Range Image-Based Implicit Neural Compression for LiDAR Point Clouds
Akihiro Kuwabara, Sorachi Kato, Takuya Fujihashi, Toshiaki Koike-Akino, Takashi Watanabe
TL;DR
This paper tackles the challenge of efficiently compressing high-precision LiDAR range images by treating them as floating-point 2D signals. It introduces a dual implicit neural representation (INR) encoding scheme that separately learns a mask image and a depth image, with a patch-wise depth INR to capture high-frequency depth variations and a pixel-wise mask INR for accurate point presence. The INR parameters are progressively pruned and quantized, then entropy-coded to yield compact bitstreams, and decoding reconstructs the RI before converting it back to 3D points. Evaluations on KITTI show the approach yields better rate-distortion performance than image-based, RI-based, and other INR-based baselines at low bitrates, while maintaining reasonable decoding latency and delivering improved downstream 3D object detection accuracy. The method enables high-quality offline LiDAR scene archives, with future work aimed at reducing encoding time and mitigating point-loss during 2D-to-3D reconstruction.
Abstract
This paper presents a novel scheme to efficiently compress Light Detection and Ranging~(LiDAR) point clouds, enabling high-precision 3D scene archives, and such archives pave the way for a detailed understanding of the corresponding 3D scenes. We focus on 2D range images~(RIs) as a lightweight format for representing 3D LiDAR observations. Although conventional image compression techniques can be adapted to improve compression efficiency for RIs, their practical performance is expected to be limited due to differences in bit precision and the distinct pixel value distribution characteristics between natural images and RIs.

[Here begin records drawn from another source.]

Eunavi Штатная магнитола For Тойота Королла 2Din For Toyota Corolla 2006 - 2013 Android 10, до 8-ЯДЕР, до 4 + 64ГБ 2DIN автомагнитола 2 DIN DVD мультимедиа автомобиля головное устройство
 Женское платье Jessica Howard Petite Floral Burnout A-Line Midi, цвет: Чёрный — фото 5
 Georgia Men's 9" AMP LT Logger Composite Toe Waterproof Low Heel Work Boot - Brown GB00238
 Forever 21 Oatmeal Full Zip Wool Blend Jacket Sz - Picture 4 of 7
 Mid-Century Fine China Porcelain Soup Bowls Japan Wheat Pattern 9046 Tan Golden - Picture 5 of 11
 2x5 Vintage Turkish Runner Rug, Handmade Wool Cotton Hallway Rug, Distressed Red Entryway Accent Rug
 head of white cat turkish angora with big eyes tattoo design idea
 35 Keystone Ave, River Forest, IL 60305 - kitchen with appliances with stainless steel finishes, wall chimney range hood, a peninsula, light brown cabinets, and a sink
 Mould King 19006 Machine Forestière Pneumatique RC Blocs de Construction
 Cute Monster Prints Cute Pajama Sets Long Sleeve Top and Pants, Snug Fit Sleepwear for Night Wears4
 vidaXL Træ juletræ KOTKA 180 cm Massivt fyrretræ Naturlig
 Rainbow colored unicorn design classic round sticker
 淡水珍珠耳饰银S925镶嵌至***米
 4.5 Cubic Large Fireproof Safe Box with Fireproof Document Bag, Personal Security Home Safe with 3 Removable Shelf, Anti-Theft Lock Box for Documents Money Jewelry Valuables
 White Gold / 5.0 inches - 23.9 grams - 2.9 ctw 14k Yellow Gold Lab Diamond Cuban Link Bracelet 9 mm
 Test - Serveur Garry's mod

We propose a novel implicit neural representation~(INR)--based RI compression method that effectively handles floating-point valued pixels. The proposed method divides RIs into depth and mask images and compresses them using patch-wise and pixel-wise INR architectures with model pruning and quantization, respectively. Experiments on the KITTI dataset show that the proposed method outperforms existing image, point cloud, RI, and INR-based compression methods in terms of 3D reconstruction and detection quality at low bitrates and decoding latency.